Then, based on the above created data model, as well as the current state, historical state and planned state of the target physical entity, digital twins are performed respectively to obtain a real-time physical entity object, a historical physical entity object and a planned physical entity object corresponding to the current state, historical state and planned state respectively.

As an optional embodiment, after creating the data model of the physical entity, the data model of the physical entity can be further predefined to obtain an initial value of the attribute parameter set corresponding to the structural model of the physical entity, where a structural model corresponds to at least one predefined data initial value. The above predefined data initial value refers to a specific initial value corresponding to at least one attribute parameter in the structural model.

The above-mentioned initial value of the predefined data can be set manually by the user according to the needs, or the attribute parameter value of the physical entity at a certain moment can be used as the initial value of the predefined data.
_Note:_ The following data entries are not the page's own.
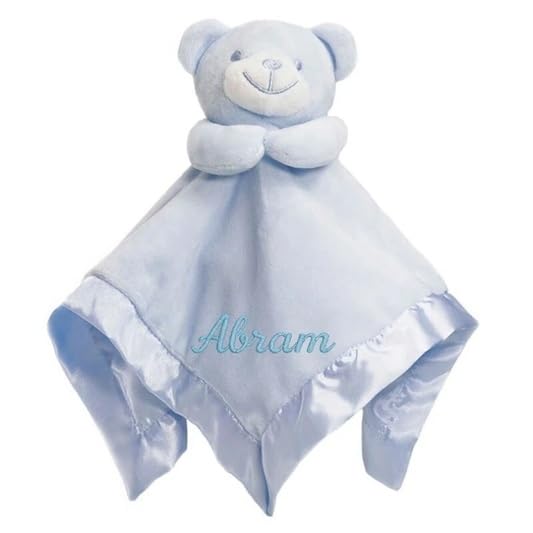 Personalised Newborn Baby Boys Girls Toy Comforter Blankets Elephant, Bunny, Giraffe, Zebra Teddy Embroidered Name | Gift Toy Comforter (Blue Satin Bear)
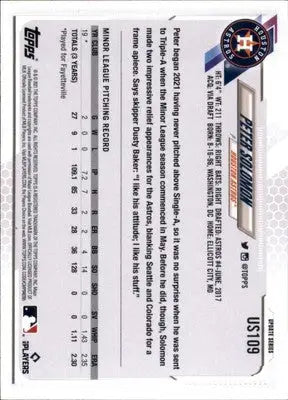 Peter Solomon Rookie 2021 Topps Update #US109 Houston Astros - Baseball Card Single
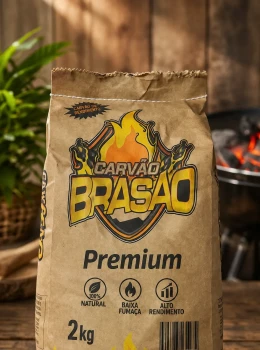 Carvão Brasão 2kg Alta Queima Duradoura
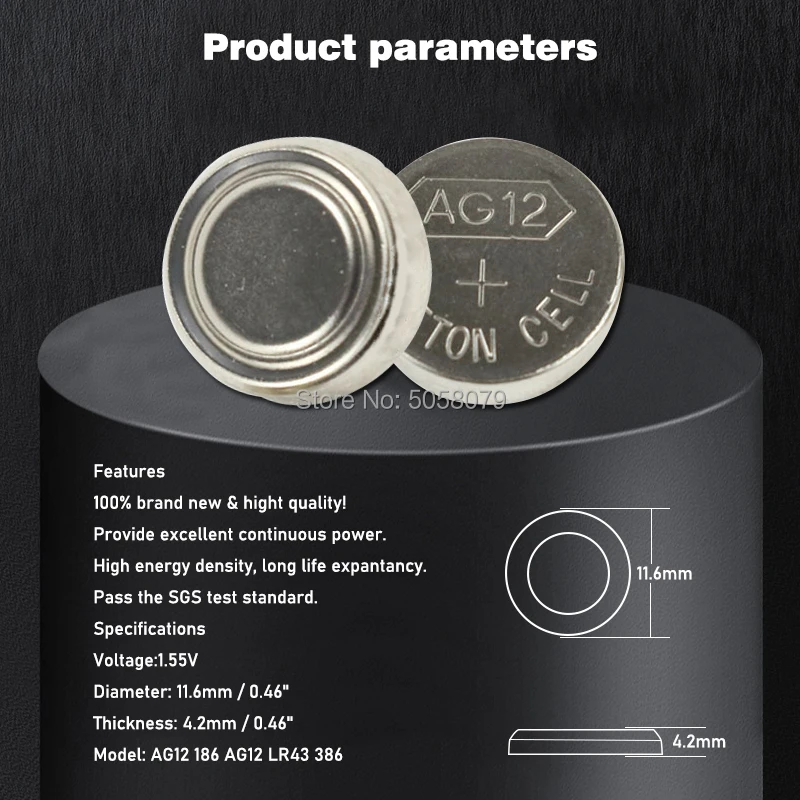 Кнопочная батарея 30 шт./лот LR43 щелочная AG12 V12GA SR43W SG12 260 1 55 V Лидер продаж |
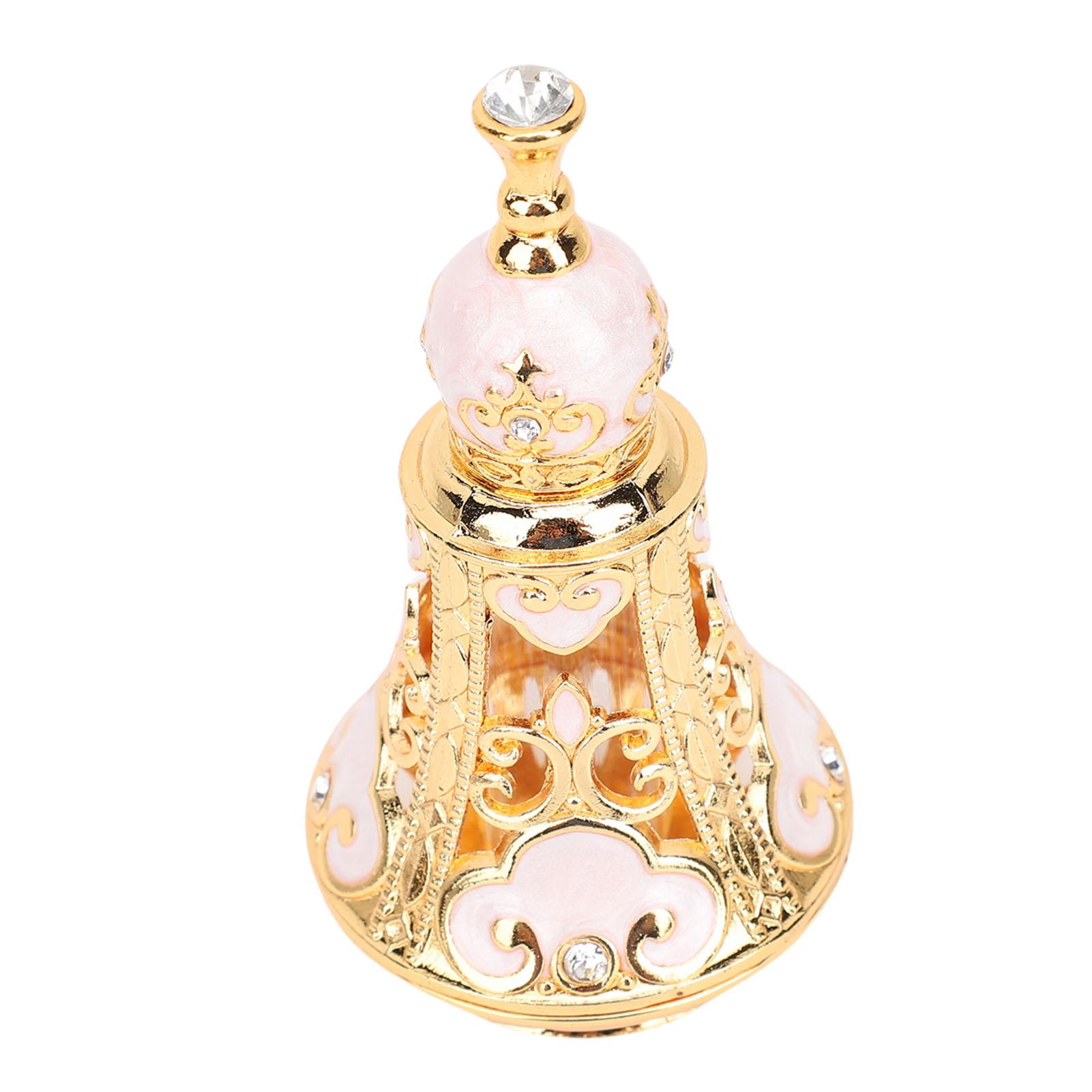 Vintage Perfume Bottle Reusable Zinc Alloy Middle Eastern   Hollow Out Sealed Liquid Bottle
As an optional embodiment, the creating the data model of the physical entity, includes:

• • obtaining the structure of the data model by determining the attribute parameter set of the physical entity, where attribute parameters in the attribute parameter set of the physical entity include an attribute name and a data type;
  • performing at least one attribute parameter initialization on the structure of the data model to obtain at least one set of predefined data initial values corresponding to the structure of the data model.

After creating the data model of the physical entity, the current state, historical state, and planned state corresponding to the target physical entity at the current moment, the historical moment, and the future moment respectively are obtained, where the state refers to a specific value of each attribute parameter in the attribute parameter set at a corresponding moment where the target physical entity is located.

Then, the obtained attribute parameter values corresponding to the states of the target physical entity at each time are used to replace the predefined data initial values in the above-mentioned created data model to obtain the corresponding twinning objects.

As an optional embodiment, the performing digital twinning based on the data model and the current state of the target physical entity to obtain the real-time physical entity object, performing digital twinning based on the data model and the historical state of the target physical entity to obtain the historical physical entity object, and performing digital twinning based on the data model and the planned state of the target physical entity to obtain the planned physical entity object, includes:

• • determining a set of predefined data initial values corresponding to a target physical entity, and replacing the determined set of predefined data initial values with attribute parameter values corresponding to a current state of the target physical entity to obtain a real-time physical entity object;
  • determining a set of predefined data initial values corresponding to a target physical entity, and replacing the determined set of predefined data initial values with attribute parameter values corresponding to a historical state of the target physical entity to obtain a historical physical entity object;
  • determining a set of predefined data initial values corresponding to a target physical entity, and replacing the determined set of predefined data initial values with attribute parameter values corresponding to a planned state of the target physical entity to obtain a planned physical entity object.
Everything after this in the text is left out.